Which brings me back to the Slurpee. Moving to Maryland from Long Island when we did, 7-11 stores were a new thing to us. We had one within easy walking distance from our house, and my sister Louise and I would walk up there to get sodas, candy, ice cream, or of course, Slurpees. Back then they only had a few flavors... as I recall, you could get cola, cherry, or orange, I think grape... maybe root beer, but I'm not certain of that. And back then, the machine offered you only a choice of two of those flavors, depending on the day. Now there's an amazing array of flavors, and something like 8 of them at any one time. And the cup sizes were tiny by today's standards. But they sure hit the spot on a hot day. Even today, I have to admit, this is tasting mighty good. I couldn't drink more than one or two a summer now, but on the right day, it's fun to revisit an old favorite.

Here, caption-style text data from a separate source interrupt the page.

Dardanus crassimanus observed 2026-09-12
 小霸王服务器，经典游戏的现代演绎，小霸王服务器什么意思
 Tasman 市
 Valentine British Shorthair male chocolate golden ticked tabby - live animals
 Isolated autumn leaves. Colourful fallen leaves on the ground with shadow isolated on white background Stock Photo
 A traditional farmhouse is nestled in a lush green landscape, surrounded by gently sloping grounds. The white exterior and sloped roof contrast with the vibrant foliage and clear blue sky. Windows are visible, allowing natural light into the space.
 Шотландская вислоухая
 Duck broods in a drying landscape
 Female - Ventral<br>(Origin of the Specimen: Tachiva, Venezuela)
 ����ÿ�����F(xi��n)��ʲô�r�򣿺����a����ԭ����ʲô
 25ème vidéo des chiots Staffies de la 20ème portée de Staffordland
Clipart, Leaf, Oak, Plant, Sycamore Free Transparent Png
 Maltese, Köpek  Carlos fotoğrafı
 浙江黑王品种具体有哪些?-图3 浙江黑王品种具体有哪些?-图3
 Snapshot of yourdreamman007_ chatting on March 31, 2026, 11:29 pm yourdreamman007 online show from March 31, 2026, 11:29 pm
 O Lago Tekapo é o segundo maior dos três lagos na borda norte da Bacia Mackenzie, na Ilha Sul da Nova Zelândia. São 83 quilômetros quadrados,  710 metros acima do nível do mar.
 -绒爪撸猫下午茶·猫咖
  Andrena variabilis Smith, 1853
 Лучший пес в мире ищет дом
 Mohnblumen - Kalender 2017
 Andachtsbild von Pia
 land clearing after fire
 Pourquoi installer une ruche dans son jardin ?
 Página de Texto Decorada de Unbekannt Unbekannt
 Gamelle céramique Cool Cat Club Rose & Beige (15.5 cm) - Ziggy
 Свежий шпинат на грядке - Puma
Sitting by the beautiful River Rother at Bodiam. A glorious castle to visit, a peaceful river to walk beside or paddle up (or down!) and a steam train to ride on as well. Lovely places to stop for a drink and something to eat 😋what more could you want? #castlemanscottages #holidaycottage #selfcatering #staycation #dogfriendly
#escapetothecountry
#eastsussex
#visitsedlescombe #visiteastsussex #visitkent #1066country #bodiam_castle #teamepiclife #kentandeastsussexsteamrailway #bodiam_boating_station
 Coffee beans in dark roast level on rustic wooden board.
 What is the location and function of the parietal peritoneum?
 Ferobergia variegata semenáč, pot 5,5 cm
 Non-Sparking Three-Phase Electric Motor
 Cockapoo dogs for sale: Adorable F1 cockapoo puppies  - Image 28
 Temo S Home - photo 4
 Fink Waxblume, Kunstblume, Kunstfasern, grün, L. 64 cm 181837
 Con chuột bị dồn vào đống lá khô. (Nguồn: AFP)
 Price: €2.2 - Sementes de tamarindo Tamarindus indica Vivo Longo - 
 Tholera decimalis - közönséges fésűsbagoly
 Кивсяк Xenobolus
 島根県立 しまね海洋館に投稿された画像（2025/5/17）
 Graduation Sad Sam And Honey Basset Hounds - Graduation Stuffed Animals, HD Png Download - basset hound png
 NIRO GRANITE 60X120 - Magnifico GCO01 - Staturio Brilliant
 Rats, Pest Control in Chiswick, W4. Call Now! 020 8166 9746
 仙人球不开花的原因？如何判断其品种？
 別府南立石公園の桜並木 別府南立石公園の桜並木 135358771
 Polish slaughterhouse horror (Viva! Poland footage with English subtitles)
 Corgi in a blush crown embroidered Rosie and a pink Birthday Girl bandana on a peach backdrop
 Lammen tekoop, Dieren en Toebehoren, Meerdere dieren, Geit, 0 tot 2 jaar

The other thing about those trips to 7-11 that was different... My sister and I would stop by a nearby construction site, where a batch of new town houses were sprouting, to find discarded soda bottles, so we could cash them in for the deposit. The workers tended to leave a lot behind, so we managed to finance quite a bit of our trips from that site, or at least augment our own cash. I was probably 6-7 at the time, and Louise would have been 10-11. I have to wonder... would anyone today let two of their kids roam a construction site unsupervised? Or head off into the local woods for an adventure of frog-catching or playing "army"? Probably not... and I have to imagine childhood is poorer for it.

I guess today is my official "codger-in-training" post, huh? :-)

Tuesday, August 7, 2007

Time Capsule on Two Wheels

No, I'm actually not talking about one of my bicycles, although one could make the case that they are, in fact, snapshots of a bygone era.

Actually, today I'm going to write about a cyclist I saw yesterday on my commute to work, and the bike and equipment he had.

The first thing I noticed was his helmet, because it was one of the original Bell Biker helmets, from the 70s:

(Shown is a photo from the Smithsonian's "America on the Move" collection online at:

A very cool exhibit, both online and in person. Alas, the American History Museum is closed for renovation.)

As I got closer, I saw that he was riding an old Lotus (no relation to the cars, it was one of many Japanese brands introduced in the 70s and 80s in the US), with old school toe clips and straps. On top of it all... or rather, on the bottom... he was wearing an old pair of "touring shoes" from Cannondale. These shoes haven't been made in a couple of decades... my best friend bought a pair back in the early 80s. All in all, it was like seeing a bit of living history on the wheel.

The best part was, the gentleman looked to be a few years older than me... probably in his fifties (Where did the years go? That used to seem so old!), and he was tooling right along at a decent pace and clearly enjoying himself, out on a morning ride. If I hadn't had to go to work, i might have asked to join him.

I wonder what his story is... did he recently decide to start exercising again, and pulled the old bike from storage, dusting it off and riding? Or has he ridden and cherished it all these years, as I have with my Trek? Or does he have a collection of old bikes that he appreciates in much the same way I do, my own rolling time capsules... 78 Centurion, 78 Raleigh Pro, and now 73 Scwhinn Paramount? My hunch is it's either the first or second. Most likely, the first, given the ancient helmet and shoes. The shoes looked to be in very good shape for their age, and I can't imagine too many folks using the old Biker helmet steadily for 30 years or so, while watching other folks get lighter, better ventilated helmets. Then again, maybe he's frugal, and just sees no point to "upgrading" such a utilitarian item.

Who knows? I hope one of these days to see him out there again, and perhaps chat a bit. It might be fun.